File Permissions and Access Control Lists
You can share files with others using access control lists (ACLs). An ACL gives you per-file, per-directory and per-user control over who has permission to access files. You can see the ACL for a file or directory with the getfacl command:
hdfs dfs -getfacl /user/<net_id>_nyu_edu/testdir
To modify permissions for files or directories, use setfacl
hdfs dfs -setfacl -R -m user:<net_id>_nyu_edu:rwx /user/<net_id>_nyu_edu/testdir
hdfs dfs -setfacl -R -m default:user:<net_id>_nyu_edu:rwx /user/<net_id>_nyu_edu/testdir
To open the subdirectory permission to others, you need to open each higher level directory's navigation permission too:
hdfs dfs -setfacl -m user:<net_id>_nyu_edu:--x /user/<net_id>_nyu_edu
Uploading Data to HDFS from Your Computer
Small Transfers
You can add smaller files to HDFS by copying them to your local filesystem / non-HDFS home directory and then copying them from there to HDFS. Note that there is a limit on the size of your local filesystem home directory, so you should only perform these steps for smaller amounts of data- for larger datasets you should use the method described in the Large Transfers section.

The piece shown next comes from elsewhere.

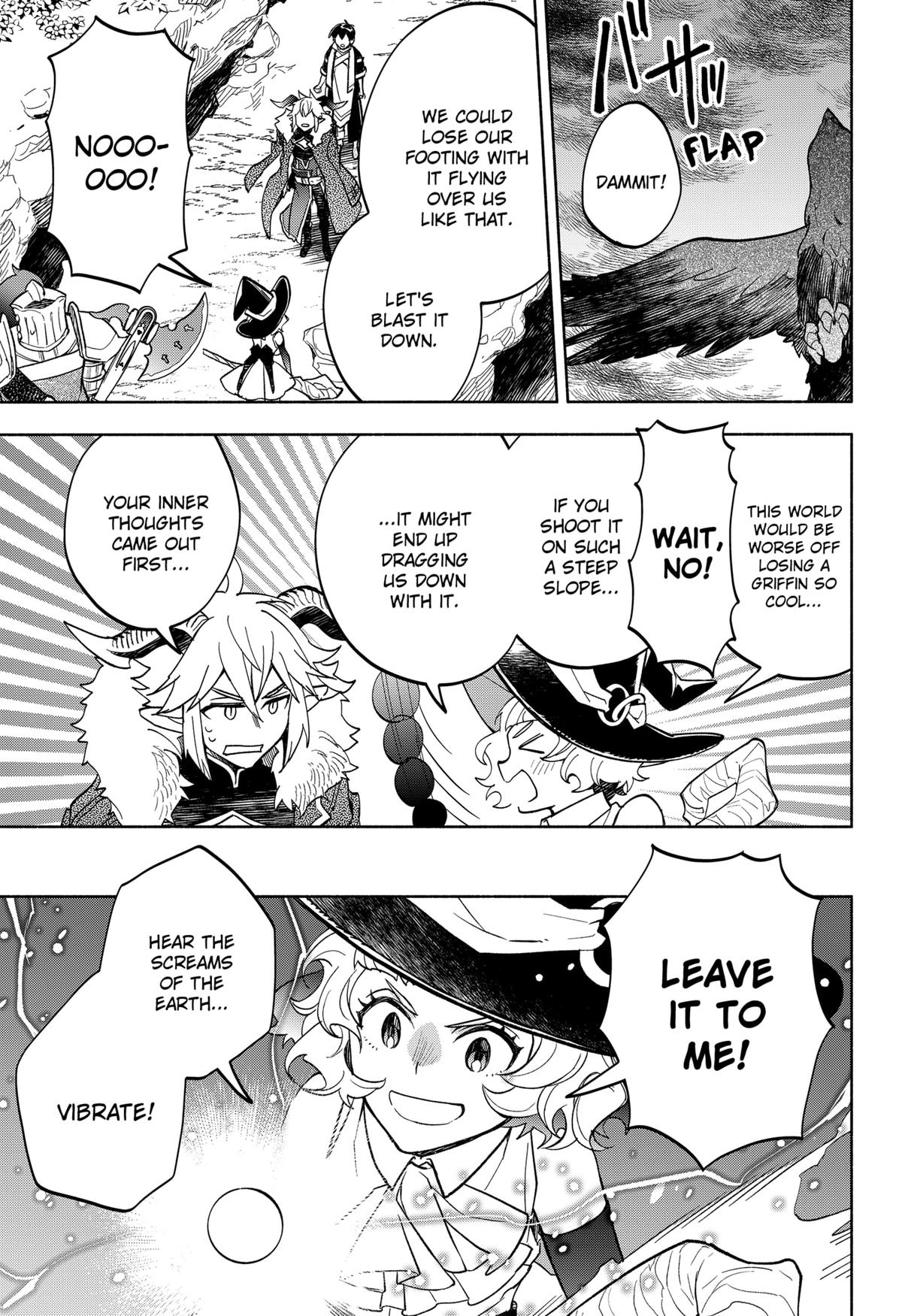 Demon Lord Exchange!! Chap 22 - Next Chap 23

- Navigate to the command line interface by going to
http://dataproc.hpc.nyu.edu/ssh
. - In the upper right portion of the header banner, select Upload File. Use the web browser dialog to select your file.

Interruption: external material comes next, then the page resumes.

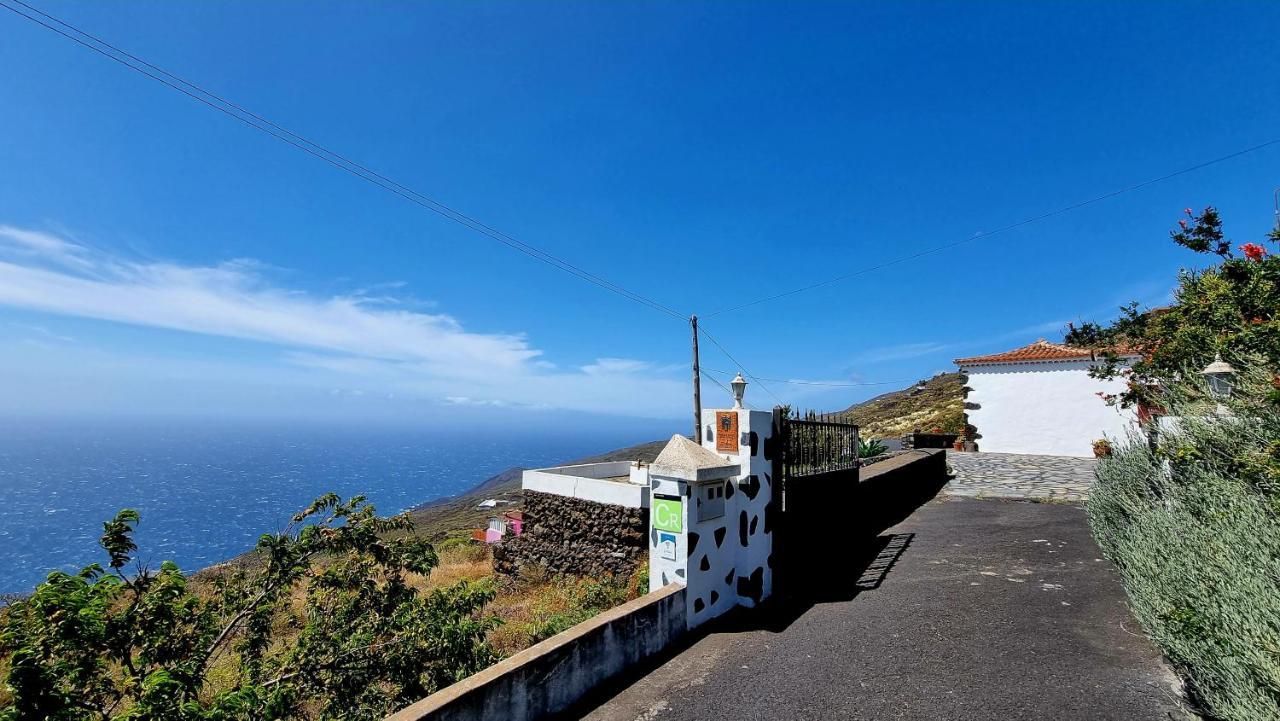 Rincon De Mercedes Fuencaliente de la Palma Exterior photo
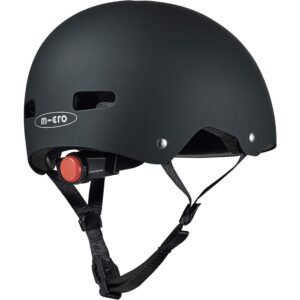 Micro ABS Helmet Black L New Colour Box - Image 6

- Once the file is uploaded to your Unix directory, run the following command to copy it into HDFS:
hdfs dfs -put /home/<your_netid>_nyu_edu/<path_to_file> <hdfs_path>
To retrieve data from HDFS and copy it to your local filesystem home directory, you can use one of the following commands:
hdfs dfs -get <hdfs_path> /home/<your_netid>_nyu_edu/<path_to_file>
hdfs dfs -copyToLocal <hdfs_path> /home/<your_netid>_nyu_edu/<path_to_file>
You can then download data by going to the upper right corner of the window in the command line interface and selecting the Download File option and entering a file path (i.e., /home/<your_netid>_nyu_edu/<path_to_file>
).
To list files in HDFS, use the following command:
hdfs dfs -ls
Large Transfers
To upload large datasets to HDFS, first navigate to the data ingest website at https://dataproc.hpc.nyu.edu/ingest. The data ingest website provides a web interface for temporary cloud-based bucket storage. Any datasets that are uploaded to the data ingest website will remain there for 2 days. Before these 2 days have elapsed, you will need to upload your datasets to your HDFS home directory. To do that you can use the following command after logging in:
hadoop distcp gs://nyu-dataproc-hdfs-ingest/<file_or_folder_name> /user/<your_net_id>_nyu_edu
You can find the full path to your file/folder in the ingest storage by clicking on it in the web interface and then scrolling down to the gsutil URI field in the Live Object tab.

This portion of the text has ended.